Фигуративные штудии в классической риторике сочетаются с их методическим подкреплением — мнемоническим искусством. Методика эта имманентна самой риторике и определяет не только инструментарий последней, но и её цели, поскольку риторика есть искусство указания на упущенное.

Традиционно память являлась частью души, а искусство памяти — частью риторики. Предполагает ли описываемая де Маном риторика обращение к какой-либо организации памяти? Казалось бы, что может извлечь память из опыта слепоты, то есть, в конечном итоге, забвения? Ведь «именно эта негативная, очевидно разрушительная работа приводит к тому, что совершенно точно можно назвать прозрением»[195]. Сама эта негативность есть десубстанциализация позиции критика, движение, заставляющее его оторваться от того невысказанного центра прочтения, подле которого критик желал бы остаться. Если классическая память — это память, исполняющая экспансию позиции говорящего и работающая в режиме приобретения, сохранения и вновь приобретения, то описываемая де Маном память об интерпретируемом тексте — это забвение уже произведенной интерпретации, возвращающая критика к исходному тексту, это искусство утраты первичной (по времени, но не по поэтическому счету) определенности.

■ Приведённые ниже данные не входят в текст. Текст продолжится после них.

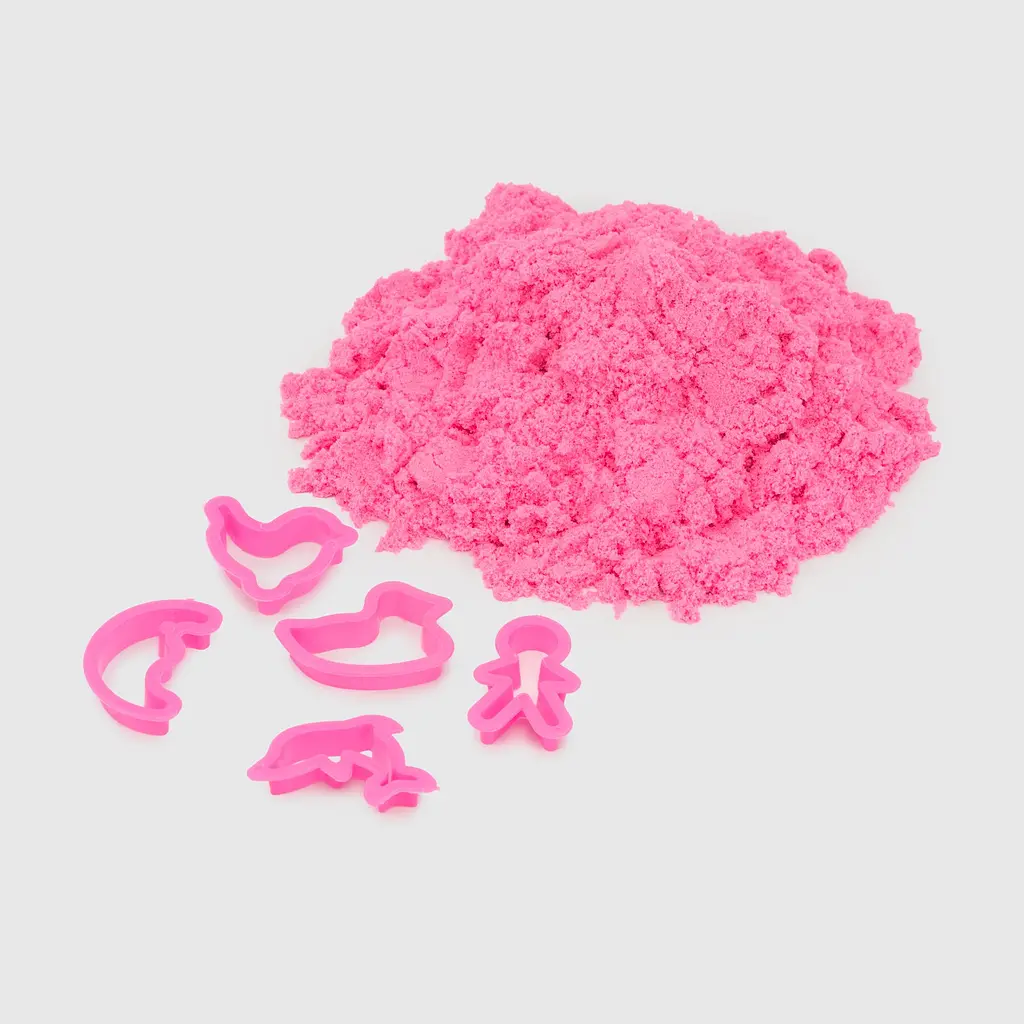 Кінетичний пісок Magic sand в пакеті STRATEG 39403-8 Рожевий (4823113865214) shop (4823113865214) - фото 2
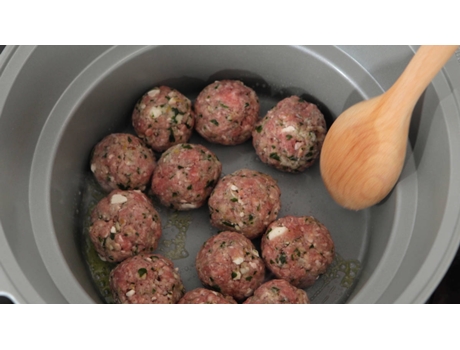 Máquina de Cozinha Slow Cooker CROCKPOT CSC027X (6 L) — 6L | Painel  Digital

Аналогия с классическим искусством мнемоники может быть продолжена: есть память естественная, коей человек наделен от природы, а есть — искусная, отшлифованная упражнением и созерцанием, — так сказал бы художник памяти времен Ренессанса: искусство вторит природе и поддерживает её. У де Мана природа и искусство сочленены иначе. Описываемое де Маном действие риторического забвения также способно осуществлять себя не только неосознанно и спонтанно («естественно») — фигура забвения-вспоминания может быть оформлена в результате целенаправленной стратегии прочтения, как это показано на примере прочтения Руссо в «О грамматологии» Деррида. Исследование Деррида, как показывает де Ман, в случае с текстом Руссо сталкивается с особого рода литературно сущим — таким, которое само себя способно поставить под вопрос: «вместо Руссо, де- конструирующего своих критиков, мы имеем Деррида, применяющего деконструкцию к псевдо-Руссо, но использующего при этом интуиции реального Руссо. Модель слишком интересная, чтобы не быть умышленной»[196]. Де Ман длит и разворачивает стратегию, которая стремится остаться скрытой в «О грамматологии»: там, где Деррида вынужден произнести уже «деконструкция», ввергая себя и читателя в расследование собственно философского и всяко уже внелитературного происшествия, де Ман все еще способен говорить о фигурах риторики, наблюдая их движение, превращения и то, каким образом они выдают себя за «исследования».

Дискурс йельского теоретика приводит читателя Деррида в то место, где для отличения текста Деррида от текста Руссо необходимо совершить дополнительное, внешнее по отношению к очевидностям и критическим высказываниям текста «О грамматологии» усилие. Причем независимо от того, совершается ли таковое, само пребывание в этом месте свидетельствует о возможности двигаться согласно намерениям текста Руссо и вопреки — Деррида, поскольку здесь — упрощая прочитываемые де Маном перипетии позиций Деррида, — мы встречаемся с тем случаем, когда автор оказывается более зряч, чем его критик, а критик высказывает истину постольку, поскольку говорит вопреки собственным критическим потенциям. Характер готовности к высказыванию скрыт от говорящего (в случае Деррида это — критик, в «обычном», более простом и более распространенном случае — автор), потому автор, посредством критика, попадает в классическую, платоновскую ситуацию знания как воспоминания.